> **WORK INSTRUCTIONS**: Through the last line of the entries, please copy every line exactly, starting with the one that contains "Bismillahirrahmanirrahim. I am".

Data excerpts:
------------------------------------------------------------------------

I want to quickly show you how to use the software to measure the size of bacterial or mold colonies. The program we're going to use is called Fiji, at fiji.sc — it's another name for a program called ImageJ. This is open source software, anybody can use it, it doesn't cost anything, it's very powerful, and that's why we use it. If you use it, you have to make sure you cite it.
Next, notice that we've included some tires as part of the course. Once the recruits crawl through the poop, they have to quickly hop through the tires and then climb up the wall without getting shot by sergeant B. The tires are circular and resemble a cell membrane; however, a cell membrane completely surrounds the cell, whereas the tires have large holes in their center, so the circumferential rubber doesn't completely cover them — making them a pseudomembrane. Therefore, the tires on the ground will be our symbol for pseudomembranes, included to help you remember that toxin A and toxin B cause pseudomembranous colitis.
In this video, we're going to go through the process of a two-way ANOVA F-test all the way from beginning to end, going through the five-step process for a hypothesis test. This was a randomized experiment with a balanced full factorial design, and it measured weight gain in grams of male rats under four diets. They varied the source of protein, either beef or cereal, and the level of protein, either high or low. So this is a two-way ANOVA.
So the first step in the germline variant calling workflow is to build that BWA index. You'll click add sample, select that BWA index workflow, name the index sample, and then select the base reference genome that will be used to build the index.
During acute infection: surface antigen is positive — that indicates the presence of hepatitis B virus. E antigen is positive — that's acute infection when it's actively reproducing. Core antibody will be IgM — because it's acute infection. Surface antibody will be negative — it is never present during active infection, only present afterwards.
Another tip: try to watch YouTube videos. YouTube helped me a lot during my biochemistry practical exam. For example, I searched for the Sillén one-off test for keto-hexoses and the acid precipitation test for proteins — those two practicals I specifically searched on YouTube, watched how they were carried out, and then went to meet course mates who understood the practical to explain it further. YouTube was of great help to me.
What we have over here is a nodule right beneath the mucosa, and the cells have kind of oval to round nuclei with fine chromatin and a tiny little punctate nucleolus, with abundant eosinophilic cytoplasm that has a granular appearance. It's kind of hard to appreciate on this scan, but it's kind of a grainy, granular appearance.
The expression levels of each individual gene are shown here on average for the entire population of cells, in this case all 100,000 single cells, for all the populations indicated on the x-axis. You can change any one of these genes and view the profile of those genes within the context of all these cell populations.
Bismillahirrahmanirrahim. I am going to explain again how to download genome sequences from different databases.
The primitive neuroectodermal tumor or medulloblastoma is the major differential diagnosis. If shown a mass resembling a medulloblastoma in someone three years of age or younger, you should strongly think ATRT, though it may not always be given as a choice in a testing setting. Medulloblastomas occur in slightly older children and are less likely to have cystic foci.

------------------------------------------------------------------------

> **WRITTEN SOLUTION**:
Bismillahirrahmanirrahim. I am going to explain again how to download genome sequences from different databases.
The primitive neuroectodermal tumor or medulloblastoma is the major differential diagnosis. If shown a mass resembling a medulloblastoma in someone three years of age or younger, you should strongly think ATRT, though it may not always be given as a choice in a testing setting. Medulloblastomas occur in slightly older children and are less likely to have cystic foci.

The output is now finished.